Let’s talk about how to Get Shit Done.

If you’re like most people (myself included), you’ve got a to-do list the length of your arm. It's mostly made up of mundane tasks you’d rather not deal with but must be done to keep the cold-brew pouring and the Netflix streaming.

But somewhere tucked in there, among the metaphorical fax-sending and dry-cleaning, there might also be....a secret dream. Something that you’ve thought enough about to write down on your to-do list, but not enough to cross it off.

You know what I’m talking about.

The art project you work on in your “spare time”. That collaboration you’ve conversed about over drinks. The back-burner book you write in the shower one paragraph at a time. The meditation practice you’re going to start (tomorrow). The epic trip you fantasize about when you’re procrastinating doing the more banal shit on your to-do list.

When you were younger, you accomplished this secret dream just by winging it. Incredibly, with no money, no time, and no clue, you made your own dream come true.

Sawdust and spit, duct tape and hot glue, piss and vinegar: you made magic.

The bad news:

Flying by the seat of your pants just doesn't cut it anymore. Your vision for yourself and your world has outpaced your skills, and you're stuck. Your secret dream just gets copied from one to-do list to the next, never getting crossed off.

You've outgrown "winging it" as a life strategy. Welcome to adulthood!

The good news:

Every single artist, activist, healer, maker, creative, entrepreneur and general weirdo I know has this same angst.
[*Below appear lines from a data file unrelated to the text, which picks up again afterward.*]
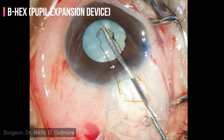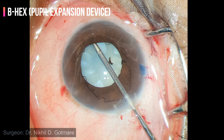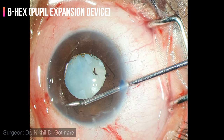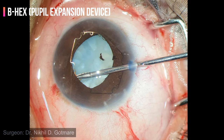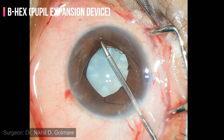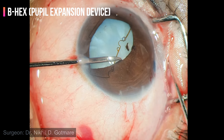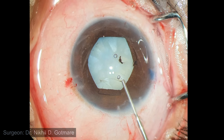The B-hex ring is introduced into the anterior chamber. The leading flange is tucked under the iris. Now the alternate flanges need to be tucked under the iris — each flange is held, pulled centrally, and placed beneath the iris. Main and side port incisions are used to gain access towards the opposite flange. Once alternate flanges are tucked in, we get a dilated hexagonal pupil.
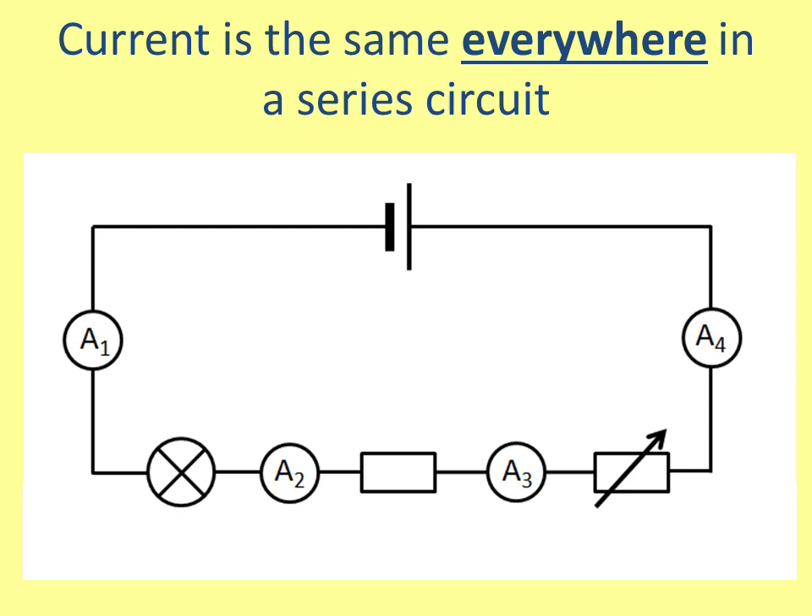This is a very important slide. The current is the same everywhere in a series circuit. So if three amps came out of the cell at the top, then there must be three amps in the first ammeter, then three amps travel through the light bulb, there's also three amps on the second, third, and fourth ammeter, and finally three amps flow back into the cell. You can think of this because the electrons are just like little balls — they travel around the circuit, and because it's a continuous loop they can't go anywhere. So the current is the same everywhere in a series circuit.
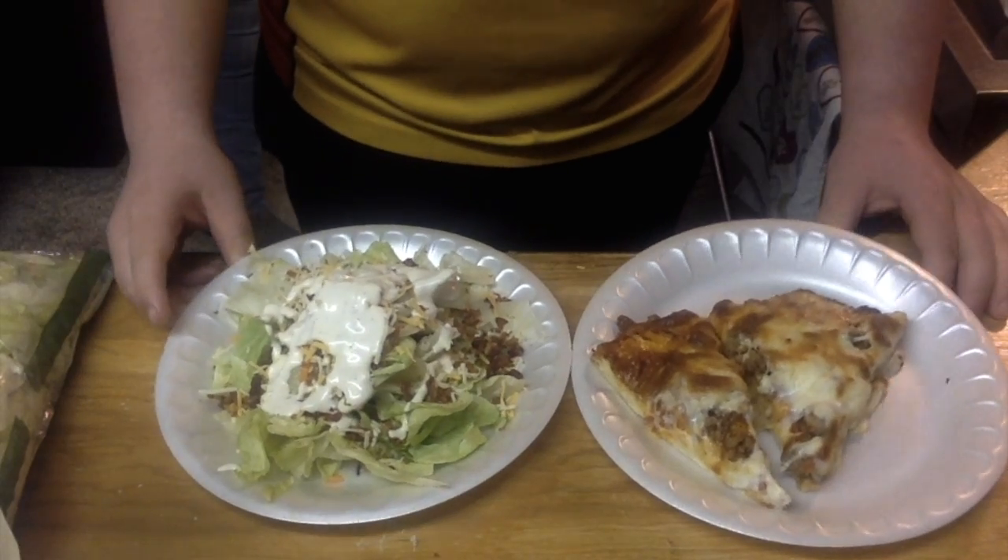Now that we've made our pizza and our salad, it's ready to eat!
You make time for the stuff that’s necessary (because capitalism) but struggle to make time for the stuff that’s "unnecessary" on paper but utterly important for your soul and your sanity. 

You’re not alone. And it doesn’t have to be this way.

Get Shit Done is an unconventional productivity course that teaches you tangible, practical skills for getting your shit together and moving forward, finally, on the work that means the most to you. 

This is not a listicle of productivity hacks or a neoliberal  efficiency bootcamp. There's no condescension or corporate jargon here. This is a real-life strategy for the blessed freaks and holy weirdos on how to get clear, take action and Get Shit Done.

We meet for six weeks (in person in New Orleans or online from anywhere!) and build sequentially over four chapters: Vision, Strategy, Action, and  Accountability.

In Get Shit Done, you’ll get explicitly clear about what you want and clarify why you want it (Vision). Then you'll break it down into manageable steps and plan how to execute them (Strategy). You’ll overcome overwhelm and banish procrastination (Action), and learn to stop your worst self-sabotaging habits (Accountability).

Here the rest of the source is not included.